Section: New Results

Semantics and Implementation of Hybrid System Modelers

Participants : Marc Pouzet [contact] , Timothy Bourke.

Zélus is a new programming language for modeling systems that mix discrete logical time and continuous time behaviors. From a user's perspective, its main originality is to extend an existing -like synchronous language with Ordinary Differential Equations (ODEs). The extension is conservative: any synchronous program expressed as data-flow equations and hierarchical automata can be composed arbitrarily with ODEs in the same source code. A dedicated type system and causality analysis ensure that all discrete changes are aligned with zero-crossing events so that no side effects or discontinuities occur during integration.
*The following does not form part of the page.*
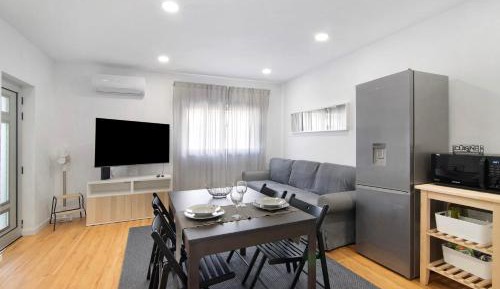 Apartment with Shower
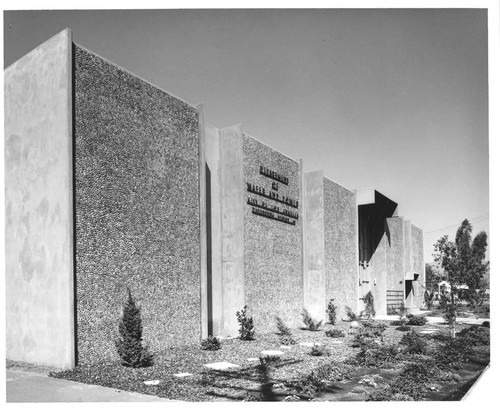 Los Angeles Department of Water and Power Distributing Station 69, Mission Hills, 1967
Programs are statically scheduled and translated into sequential code which, by construction, runs in bounded time and space. Compilation is effected by source-to-source translation into a small synchronous subset which is processed by a standard synchronous compiler architecture. The resulting code is paired with an off-the-shelf numeric solver.

This experiment show that it is possible to build a modeler for explicit hybrid systems à la Simulink/Stateflow on top of an existing synchronous language, using it both as a semantic basis and as a target for code generation. In parallel with the software development done during the year, we investigate, in collaboration with Albert Benveniste, Benoit Caillaud (Inria Rennes) and Dassault-Systèmes the treatment of Differential Algebraic Equations (DAEs), in explicit or semi-explicit form.

This work will be presented at the ACM Intern. Conference on Hybrid Systems: Computation and Control (HSCC 2013) in April 2013.